▸ Directions
The listing below is to be transcribed exactly.

-=-=-

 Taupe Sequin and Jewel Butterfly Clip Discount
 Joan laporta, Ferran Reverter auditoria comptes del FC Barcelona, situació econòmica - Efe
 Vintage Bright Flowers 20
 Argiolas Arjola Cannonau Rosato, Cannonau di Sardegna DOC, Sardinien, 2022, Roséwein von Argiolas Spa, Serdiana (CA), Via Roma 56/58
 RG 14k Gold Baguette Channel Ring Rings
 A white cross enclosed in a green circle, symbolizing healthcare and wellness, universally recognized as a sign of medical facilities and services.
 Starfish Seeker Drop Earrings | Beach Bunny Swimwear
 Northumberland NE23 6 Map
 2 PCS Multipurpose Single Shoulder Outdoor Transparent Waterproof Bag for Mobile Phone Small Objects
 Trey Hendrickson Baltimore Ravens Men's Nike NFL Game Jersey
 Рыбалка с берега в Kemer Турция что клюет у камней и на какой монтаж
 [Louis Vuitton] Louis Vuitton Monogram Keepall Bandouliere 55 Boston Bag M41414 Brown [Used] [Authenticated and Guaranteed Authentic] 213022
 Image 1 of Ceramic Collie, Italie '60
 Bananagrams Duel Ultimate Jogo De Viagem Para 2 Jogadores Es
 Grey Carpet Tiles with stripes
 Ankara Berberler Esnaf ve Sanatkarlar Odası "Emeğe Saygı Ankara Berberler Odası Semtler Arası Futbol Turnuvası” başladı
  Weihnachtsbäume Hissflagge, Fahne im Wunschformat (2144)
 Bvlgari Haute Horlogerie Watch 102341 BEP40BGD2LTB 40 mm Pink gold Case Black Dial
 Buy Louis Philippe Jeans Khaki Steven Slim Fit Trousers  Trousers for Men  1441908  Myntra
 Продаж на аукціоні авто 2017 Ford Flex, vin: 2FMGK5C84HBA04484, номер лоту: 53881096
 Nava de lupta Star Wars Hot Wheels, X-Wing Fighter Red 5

-=-=-

▸ Written answer
 Taupe Sequin and Jewel Butterfly Clip Discount
 Joan laporta, Ferran Reverter auditoria comptes del FC Barcelona, situació econòmica - Efe
 Vintage Bright Flowers 20
 Argiolas Arjola Cannonau Rosato, Cannonau di Sardegna DOC, Sardinien, 2022, Roséwein von Argiolas Spa, Serdiana (CA), Via Roma 56/58
 RG 14k Gold Baguette Channel Ring Rings
 A white cross enclosed in a green circle, symbolizing healthcare and wellness, universally recognized as a sign of medical facilities and services.
 Starfish Seeker Drop Earrings | Beach Bunny Swimwear
 Northumberland NE23 6 Map
 2 PCS Multipurpose Single Shoulder Outdoor Transparent Waterproof Bag for Mobile Phone Small Objects
 Trey Hendrickson Baltimore Ravens Men's Nike NFL Game Jersey
 Рыбалка с берега в Kemer Турция что клюет у камней и на какой монтаж
 [Louis Vuitton] Louis Vuitton Monogram Keepall Bandouliere 55 Boston Bag M41414 Brown [Used] [Authenticated and Guaranteed Authentic] 213022
 Image 1 of Ceramic Collie, Italie '60
 Bananagrams Duel Ultimate Jogo De Viagem Para 2 Jogadores Es
 Grey Carpet Tiles with stripes
 Ankara Berberler Esnaf ve Sanatkarlar Odası "Emeğe Saygı Ankara Berberler Odası Semtler Arası Futbol Turnuvası” başladı
  Weihnachtsbäume Hissflagge, Fahne im Wunschformat (2144)
 Bvlgari Haute Horlogerie Watch 102341 BEP40BGD2LTB 40 mm Pink gold Case Black Dial
 Buy Louis Philippe Jeans Khaki Steven Slim Fit Trousers  Trousers for Men  1441908  Myntra
 Продаж на аукціоні авто 2017 Ford Flex, vin: 2FMGK5C84HBA04484, номер лоту: 53881096
 Nava de lupta Star Wars Hot Wheels, X-Wing Fighter Red 5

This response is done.